El operativo fue encabezado por personal de ARCA, la División de Coordinación contra el Trabajo Ilegal y el RENATRE, con intervención de la Fiscalía Descentralizada de Rafaela. Tras los allanamientos ordenados por el juez federal de Rosario, Eduardo Rodríguez Da Cruz, se secuestraron teléfonos, documentación y un cuaderno con anotaciones. Dos personas vinculadas a los establecimientos quedaron imputadas.

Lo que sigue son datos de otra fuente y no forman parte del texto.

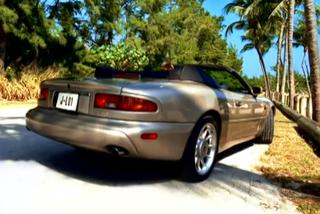 Aston Martin DB7 Volante należący do Jennifer Lopez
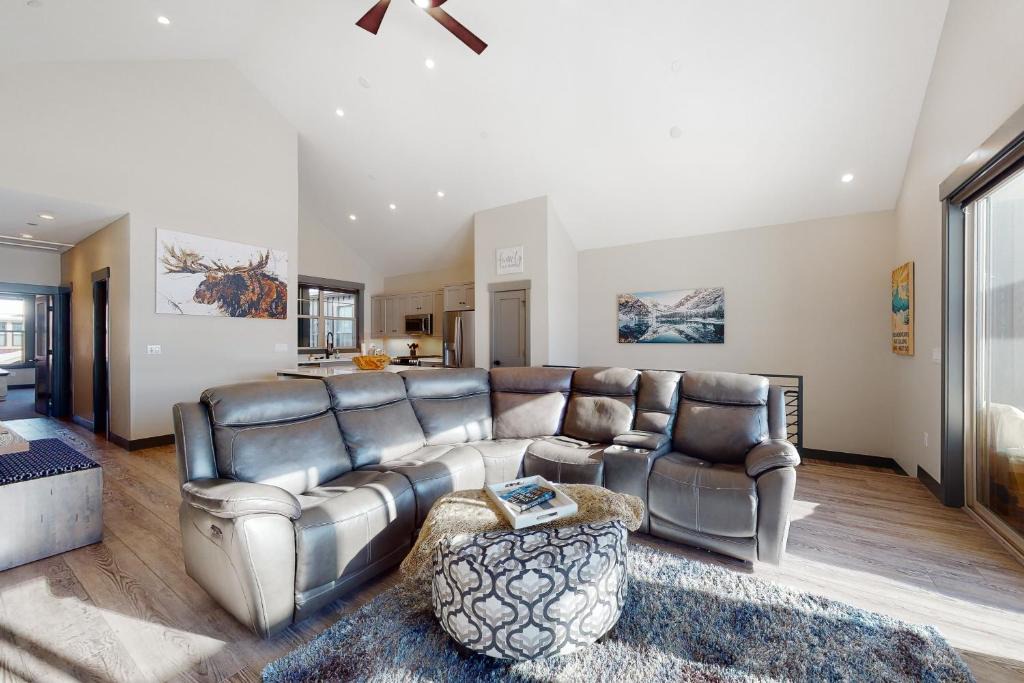Grand Elk Ranch House | 112 Eagle Ridge Drive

Las víctimas fueron asistidas por la Secretaría de Derechos Humanos de Santa Fe, la Municipalidad de Tostado y el Programa de Rescate y Acompañamiento a Víctimas de Trata del Ministerio de Justicia de la Nación. La investigación, a cargo del fiscal federal Jorge Gustavo Onel y los fiscales auxiliares Federico Grimm y Pablo Micheletti, continúa bajo la figura penal de trata de personas con fines de explotación laboral.